Okeydokey. The last bit is the tenuous tyres connection cos the Michelin brothers Ándre and Édouard who started the Michelin Guide in 1900, had started a tyre company 11 years earlier (keep up) and they decided that a ratings’ guide for hotels and restaurants would mean more of us would get in cars and travel and buy more tyres. Cunning these frogs.

Anyway, back to Asha’s which once you head through the modest street door is an absolute haven of chill-out tracks, comfy booths and glittering bonhomie. It’s a perfect date setting, discrete lighting, hushed tones and candles. It’s famed for its breads and you have not lived until you have a nan bread with truffle.

It’s also Indian fine dining and for an eatery that’s got a Michelin eggcup or whatever, it’s very reasonable. Starters are from just short of seven quid, classic curries just under £14 and there’s a wide choice of veggie options as well as a whole ream of tandoori offerings if you’re attempting Paleo (although I defy anyone not to break and have bread-based products once you’re in).

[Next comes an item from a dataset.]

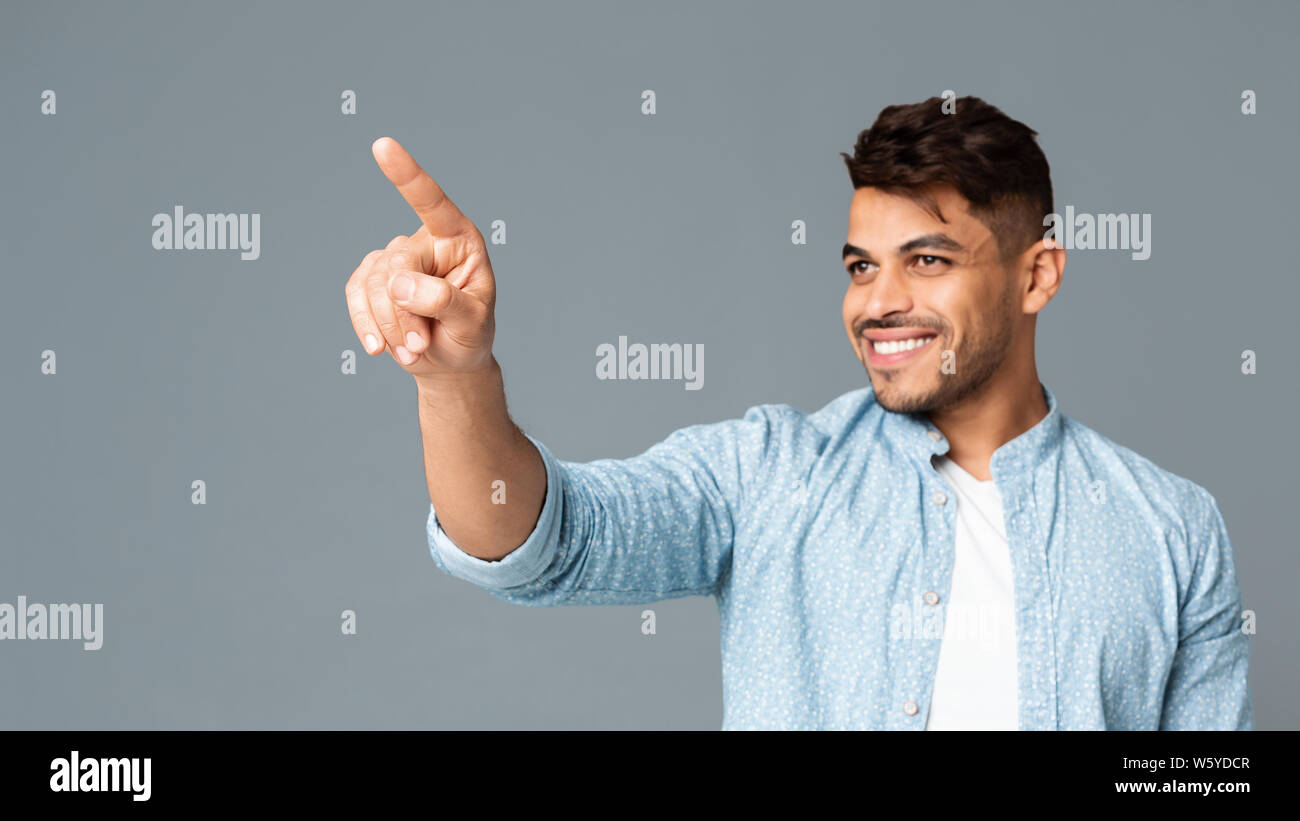 Cheerful Hispanic Man Touching Invisible Screen Interface Stock Photo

Highlights for us were the duck sheesh kebab, like everything here, plentiful and with a contemporary take on Indian cuisine (very Michelin). They were rich and juicy. Other, gonna die for it offerings, was a cheesy broccoli tandoori and a melt in the mouth, so rich-laden lamb curry you could hardly stir a spoon in it.

I’m not going to lie, a couple of the dishes were a bit ‘so what’ including prawns which were huge but a little bland and a chicken curry was thigh meat, not my fave.  Maybe with all the Michelin fanfare, my expectations were a little too high. But I would go back and probably order better, ignoring the tyre thing.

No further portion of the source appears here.